"A chair is still a chair, even when there's no one sittin' there
But a chair is not a house and a house is not a home.
A room is a still a room, even when there's nothin' there but gloom
But a room is not a house and a house is not a home."
-A House is Not A Home by Luther Vandross
To make a long and complicated story short, I was forced out of my childhood home when I was nineteen. My family and I had two weeks to pack up eighteen years of memories and clutter into boxes and bags, and find somewhere else to make our shelter for a while. Thankfully a family friend had a trailer for us to live in for as long as we needed to, even though it was far away from our jobs, school, and lives. But it was a stable roof over our heads, four walls, and some heat to keep us warm in the winter, so we tried not to complain.
But it was far from a home. For the long thirteen months that we lived in that trailer, I never once called it home. If I was going back there, I always said “I’m going to the trailer," never “I’m going home." It was not our home, and I was never going to consider it that.
My home was forty five minutes away, in a different town, on the opposite side of the Hudson River, and it wasn’t even mine anymore. The room I once called mine, covered in purple paint with green trim, is now someone else's and covered in a basic shade of beige. The room that was once my playroom is probably now being used as a place to entertain company, and the front hill that we once used to sled down definitely isn’t being covered with kids in the winter anymore.
I know fully well that I was not the definition of homeless. I had a roof over my head that many people who are actually homeless would absolutely kill for, and I should be thankful for that. But I could never get the word “homeless” out of my mind when it came to my situation. I had a house, or a trailer really, but it was not a home. And it never would be.

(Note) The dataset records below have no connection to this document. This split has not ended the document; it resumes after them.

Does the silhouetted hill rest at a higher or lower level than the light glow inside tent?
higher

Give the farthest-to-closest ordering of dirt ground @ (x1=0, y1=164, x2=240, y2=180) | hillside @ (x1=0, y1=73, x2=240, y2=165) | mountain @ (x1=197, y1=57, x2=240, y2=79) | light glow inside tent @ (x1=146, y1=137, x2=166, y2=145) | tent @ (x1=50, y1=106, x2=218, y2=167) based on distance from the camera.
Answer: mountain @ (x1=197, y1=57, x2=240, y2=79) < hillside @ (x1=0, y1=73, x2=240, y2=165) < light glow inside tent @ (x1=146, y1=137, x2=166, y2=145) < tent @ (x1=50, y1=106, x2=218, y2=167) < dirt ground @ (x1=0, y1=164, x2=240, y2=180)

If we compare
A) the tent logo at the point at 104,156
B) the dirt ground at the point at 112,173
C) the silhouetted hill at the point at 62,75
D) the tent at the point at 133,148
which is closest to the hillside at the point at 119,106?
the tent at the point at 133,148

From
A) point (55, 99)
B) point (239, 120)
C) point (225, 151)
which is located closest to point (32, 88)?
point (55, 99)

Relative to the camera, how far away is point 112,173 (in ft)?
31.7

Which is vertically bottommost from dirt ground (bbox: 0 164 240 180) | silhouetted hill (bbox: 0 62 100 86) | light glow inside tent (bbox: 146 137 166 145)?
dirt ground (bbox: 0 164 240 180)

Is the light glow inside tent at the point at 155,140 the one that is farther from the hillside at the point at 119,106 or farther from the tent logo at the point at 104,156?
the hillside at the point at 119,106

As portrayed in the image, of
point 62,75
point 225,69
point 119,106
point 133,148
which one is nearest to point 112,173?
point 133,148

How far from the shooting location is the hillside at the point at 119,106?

Because a house, no matter how much people say it is, is not automatically a home. You turn a house into a home; take it’s potential for perfection, fill it to the very top of the roof with love and care, and make it feel like a place you want to be. A roof over someone’s house is now a home, which is why I personally felt as though I was homeless.
Call it dramatic. Call it over-the-top or ridiculous. But that was how I personally felt about my own situation. While other people who may have been in situations similar to mine would not think this way, I know I can’t be the only one. Especially as I did not have a sufficient amount of time to get used to the idea of losing my childhood home, the only home I ever knew. I’m entitled to my feelings and my opinion, especially on a matter so fresh and close to home - or should I say close to house.